# Adf's



## Hershey (Sep 28, 2012)

I have two African Dwarf frogs in a critter keeper. I have two questions.

1. can I use fish water conditioner to make tap water safe for the frogs?

2. If I get the largest critter keeper available, could I buy two more ADF'S to join them?

Thanks.


----------



## ChoclateBetta (Jul 22, 2012)

Well you need a heater, filter, and a big enough yptank I think them in the critter keeper is overstocked I think you will need a five gallon.


----------



## Olympia (Aug 25, 2011)

Hi Hershy, yes you can (and need to) use water conditioner for the frogs. I suggest you check out this thread about ADFs, it's full of frog fans and has all the info you need to take care of the froggies.


----------



## ChoclateBetta (Jul 22, 2012)

Do you have the proper supplies.


----------



## Hershey (Sep 28, 2012)

Thanks Olympia.

I don't have a heater/filter yet, but ill get one.
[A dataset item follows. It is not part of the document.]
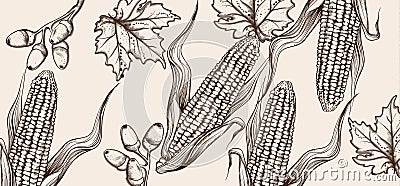 Happy Thanksgiving card line art Vector. Corn autumn harvest illustrations Cartoon Illustration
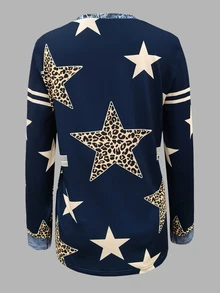 EMERY ROSE Blue Leopard Print Loose Fit Crew Neck Long Sleeve T-Shirt Day Time Holiday Autumn Casual Street Wear - Multicolor - View 2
I don't believe my tank is a 5 gal either.. it's like the medium/small keeper.


----------



## Laki (Aug 24, 2011)

Medium kk is 2gallons. NOT counting space taken away by gravel and decorations. I would use 5gallons per pair. So if you want 4 frogs, use 10 gallon.


----------



## ChoclateBetta (Jul 22, 2012)

I agree eiacaly with getting more supplies. Remember ADF because of there slow swimming they are easily out competed. I would reccomend decorations.


----------